The fine performance of some large river monitors (gunboats) off the Belgian Coast early in the war caused Winston Churchill, then First Lord of the Admiralty and Admiral Sir ‘Jacky’ Fisher, First Sea Lord, to order 35 similar vessels.

It was determined that they should have better seagoing capability. They ranged in size from the Erebus class, 8,000 tons with a main armament of two 15 inch guns to the M29 class, 540 tons with two 6 inch guns. Monitor M33 is an example of this M29 class.

The M29 class of monitors was designed by Assistant Constructor Charles S. Lillicrap, in early March 1915. Each was to carry two six-inch guns, one forward and the other aft. The order for the five ships of this class was given to Harland & Wolff of Belfast on 15 March. They subcontracted the building of M32 and M33 to the nearby yard of Workman, Clark & Company.

April 1915
The keel for Monitor M33 was laid on 1 April.

May 1915
Monitors M29, M32 and M33 were launched on 22 May.

June 1915
Monitor M33 was commissioned at Belfast on 17 June. She was based at Devonport and commanded by Lt. Cmdr. Q.B. Preston–Thomas. Monitor M33 was accepted from the builders and ordered to war on 24 June.

 

The Dardanelles campaign, begun in February 1915, aimed to break through the Turkish defences in the Dardanelles Strait, capture Constantinople and destroy Turkey as a fighting force. To achieve control of the Strait the Gallipoli Peninsula needed to be in Allied possession. The Gallipoli landings began at the end of April. Monitor M33 and some of her sister ships arrived in the Aegean in time to help cover the landing of reinforcements along the southern coast of the Peninsula during August. However by this time the campaign was failing and by January 1916 allied troops were evacuated from the peninsula.
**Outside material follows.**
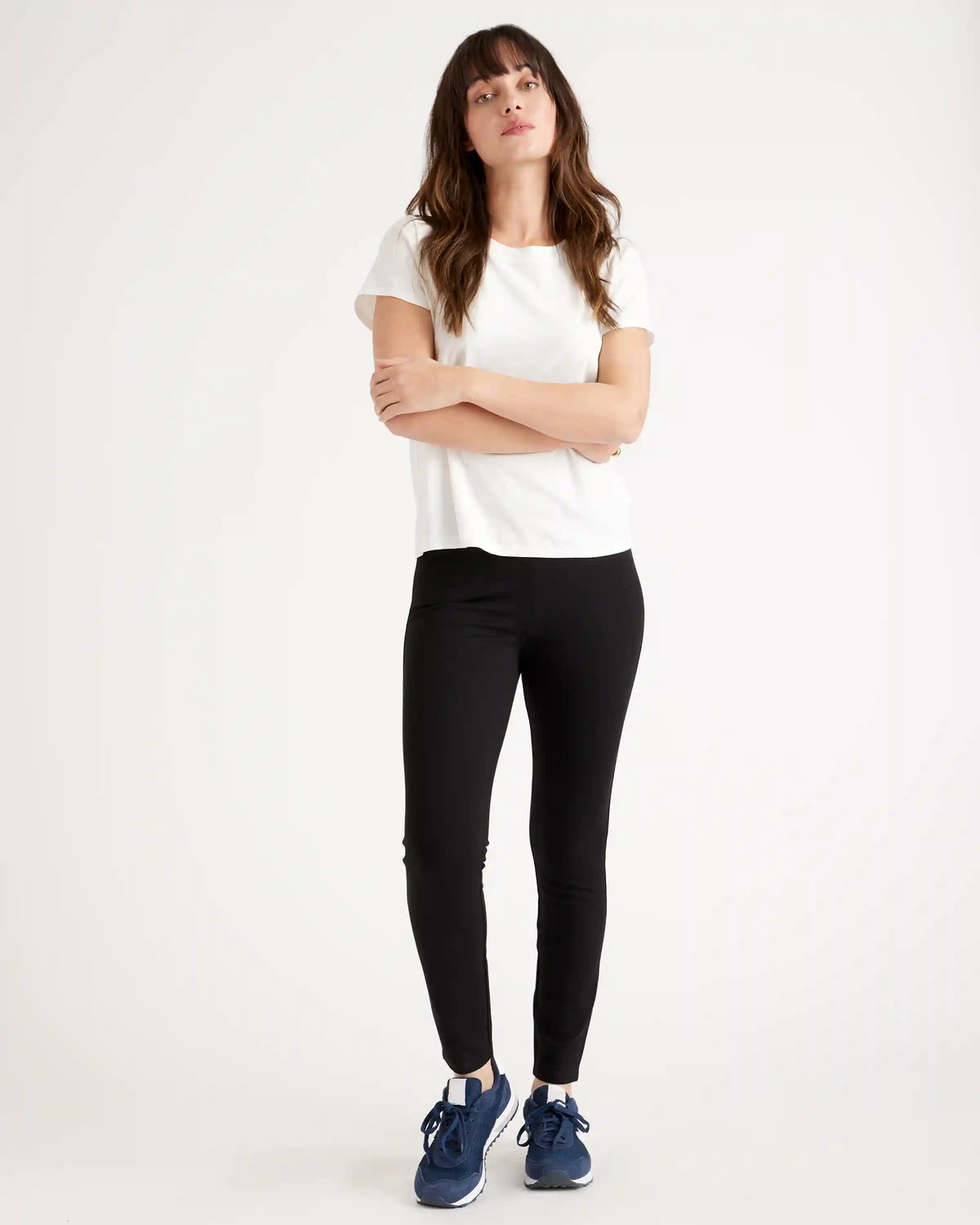 Ultra-Stretch Ponte Skinny Pants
Some further activities of Monitor M33 during the First World War are listed below.


Animated film of M33 in action 1915

Jan 1916
Assisted the army in establishing a base at Stavros. Acted as guard ship or boom defence vessel at Salonika, the Allied base for the war in Bulgaria.

May 1916
Under enemy fire assisted in salvaging guns from the damaged M30 beached on Long Island in the Gulf of Smyrna. Covered the evacuation of the wireless telegraph station and aerodrome on Long Island.

M33 1918
HMS Monitor M33 at Chios, 1918
© National Media Museum/Science & Society Picture Library

July 1916
Provided covering fire during a cattle raid on the Turkish coast.

Aug 1916
Monitors M33 and M32 were detached to assist the French bombardments on the south coast of Turkey.

Dec 1916
Tasked with protecting the bridge between Euboea and mainland Greece from Greek Royalist troops.

May 1917
Bombarded enemy batteries near Suvla and Anzac Beaches on the Gallipoli Peninsula.

Nov 1918
One of the vessels supervising the armistice with Bulgaria at Stavros and with Turkey at Syra.

April 1919
Returned to England and decommissioned.

 

Monitor M33 was refitted and then recommissioned on 10 May 1919 and sent to North Russia with the British Relief Force to cover the withdrawal of Allied and White Russian troops.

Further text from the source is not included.